É de enlouquecer ouvir as falas absurdas e sem nexo do personagem de Mark Ruffalo. Kenneth é uma mistura diabólica de Donald Trump e Elon Musk, que foi escrito aparentemente já prevendo a tragédia política que se abate sobre os EUA. Ele, sempre bajulado por sua esposa Ylfa (Toni Collete), apresenta traços de psicopatia e uma mente infantilizada que reproduz comportamentos megalomaníacos e sempre em busca de aprovação popular e aplausos de um séquito lunático. 
Mickey 17 aparece como uma transgressão cuja sobrevivência em si já contradiz a escolha dos rastejadores como espécie alien inimiga da humanidade. Os aliens, na verdade, são os nativos. Os humanos são os aliens da vez, como bem aponta Nasha em um dos seus diálogos, porque o óbvio é de difícil compreensão para quem necessita de uma retórica imperialista para sobreviver a cada decisão que leva a mortes sucessivas e a genocídios sem motivo. Então, surgem vários jargões como “torne a humanidade grande outra vez” ou “destrua os rastejadores”. Quando Mickey 17 aparece, ele é prova viva de que os rastejadoresnão são os inimigos e não se alimentam da carne humana. São apenas nativos bem adaptados às condições de vida daquele planeta e até gentis com espécies distintas das suas. 

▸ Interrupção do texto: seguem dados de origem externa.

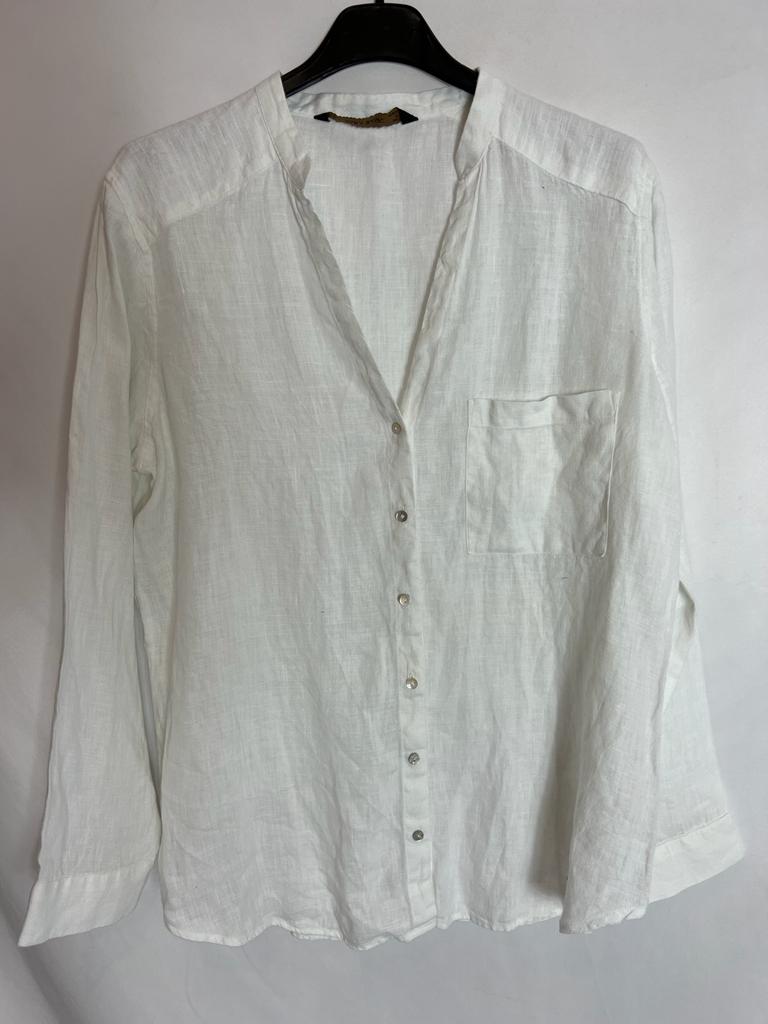 ZARA. White linen blouse with pocket. TS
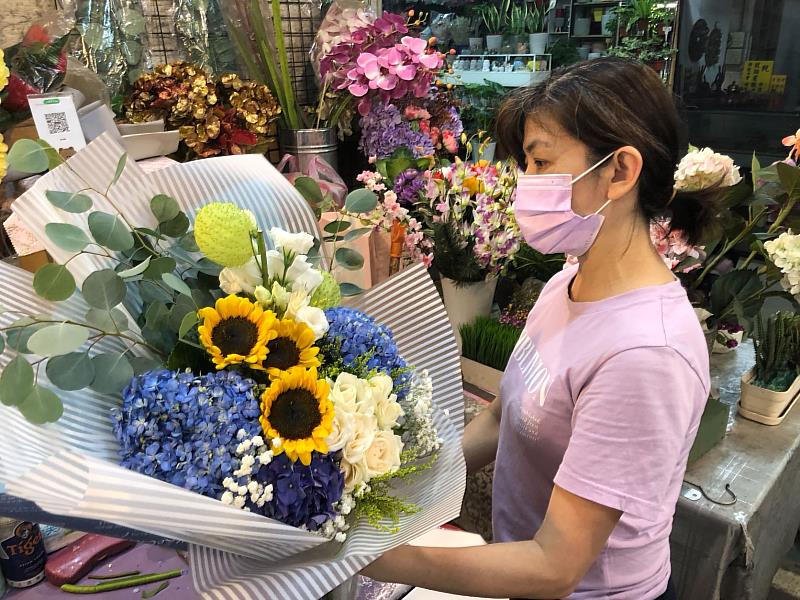 板橋花市也因應情人節到來，準備各種應景花卉，歡迎大家挑選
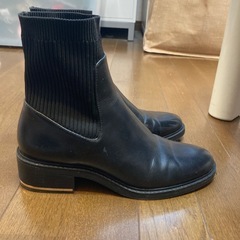 ZARA ブーツ
の画像
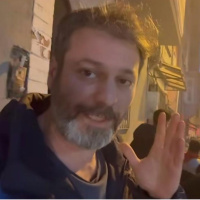 Ünlü oyuncu yangından son anda kurtuldu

O longa é divertidíssimo e encontra no sofrimento do personagem uma forma de fazer o telespectador perceber que, para a exploração capitalista, dispensável é o corpo do trabalhador. Mickey pode ser reimpresso diversas vezes, mas a indignação e a revolta com a forma como seu corpo é descartado permanecem presentes e crescentes em cada versão sua, o que faz do Mickey 18 o personagem mais coerente do filme. 
O roteiro possuí diversas camadas e cenas absurdas que vão aprofundando cada vez mais o sentido e a luta pela vida de Mickey 17, que começa a entender que ele é único, assim como cada versão sua que foi morta antes. Esse entendimento se torna mais profundo quando você olha para Nasha e, em um dos flahsbacks do filme, você vê como Nasha lutava pela dignidade de Mickey e estava com ele nos momentos de dor, tentando consolá-lo, se revoltando quando Mickey se submetia às torturas de sua função como descartável. Nasha é a articuladora da revolução dentro da nave e, como Mickey sempre faz questão de falar, é uma mulher incrível. 
O filme é sensacional e, apesar das mais que aparentes e denotadas reflexões sobre os corpos docilizados e maltratados pela exploração do capital e de seu imperialismo desenfreado, permite-nos sonhar com uma possível saída mais humana e digna para 

todos. Bong Joon-Ho está mais uma vez de parabéns, mesmo a frente de uma produção com muito mais orçamento do que o filme que o levou ao Oscar. Mantém sua verve e mostra que o cinema também pode imaginar o fim do modelo de sociedade e a sobrevivência humana além das ambições e das loucuras desenfreadas de bilionários e genocidas.